L’Iran torna dunque nel mirino – con dichiarazioni
buttate là, qualche commento sui grandi giornali… In
ordine di tempo: Michael Ledeen, nella veste di
studioso dell’American Enterprise Istitute, ha scritto
che una politica di dialogo con Tehran sulle sarebbe «appeasement»,
acquietamento (un po’ come calare le braghe). L’Iran è «la pietra
miliare della rete terrorista con cui siamo in guerra», «è in corsa per
acquisire la bomba atomica» e «fa il possibile per uccidere americani in
Iraq con lo scopo di buttarci fuori dal Medio oriente e diffondere la
sua odiosa versione di regime islamico», ha sostenuto Ledeen in una
polemica con il Council for Foreign Relation (altro centro studi di
politica estera, pragmatico, che un mese fa ha pubblicato un documento
per una politica di dialogo con l’Iran: il manifesto, 24 agosto).

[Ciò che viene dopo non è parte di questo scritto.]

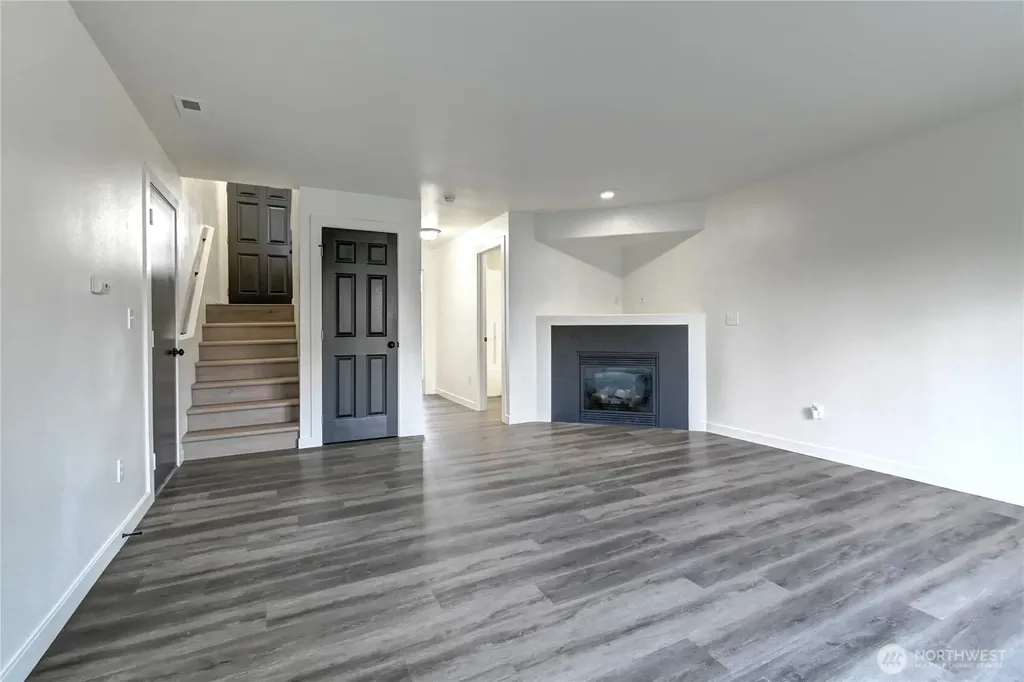 8823 18th Avenue E Tacoma WA 98445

Ledeen non è un «esperto» qualsiasi. Senza risalire
alla sua storia equivoca (un ruolo mai ben chiarito
nell’affare Iran-contras), Ledeen è stato il
co-fondatore della «Coalizione per la democrazia in
Iran» insieme a Morris Amitay (della più potente lobby filo-israeliana a
Washington, il American Israel Public Affairs Committee). E’ questa
lobby che l’anno scorso è riuscita a far approvare dal Congresso una
«Iran Freedom Act», che stanzia circa 50 milioni di dollari per
sostenere una «rivoluzione democratica» dell’opposizione iraniana
(quella che piace ai neo-cons, per lo più gruppi monarchici esiliati
negli Usa), finanziare radio e tv, lanciare operazioni di propaganda.
Ledeen ora sostiene che questa «rivoluzione democratica» non nascerà
dall’interno dell’Iran stesso, «il movimento riformista non è riuscito a
soddisfare la richiesta popolare di libertà». E’ ora di indurre un
«cambio di regime».

La tesi che l’Iran è una «minaccia» è stata ripresa in
un paio di editoriali negli ultimi due mesi da Charles Krauthammer sul
Washington Post: «La lungamente attesa rivoluzione [in Itan] non è
avvenuta. Cosa che srende la questione di un attacco preventivo tanto
più urgente. …Se nulla sarà fatto, un regime fanatico e terrorista che
punta apertamente a distruggere il `grande satana’ avrà armi nucleari e
terroristi e i missili per mandarle a segno. La sola cosa che può
impedirlo è un attacco preventivo».

Il modello è quello già visto a proposito dell’Iraq.
La «legge per la libertà in Iran» ricalca quella alla
fine degli anni `90 per l’Iraq. Poi le accuse (di
costruire la bomba nucleare, di fomentare il
terrorismo), costruite con «rivelazioni» e analisi di
esperti e amplificate da editoriali. Poi le pressioni
sugli alleati occidentali – in questo caso presso
l’Agenzia internazionale per l’energia atomica. Con la variante, in
questo caso, che il «colpo preventivo» potrebbe essere affidato a
Israele, il cui primo ministro Ariel Sharon ha definito Tehran la
«maggiore minaccia» all’esistenza dello stato ebraico (che è nel raggio
d’azione del missile Shahab-3, sperimentato il mese scorso dall’Iran).
Lo scenario è allarmante. A meno che voci più realistiche prevalgano –
sia a Washington, sia a Gerusalemme.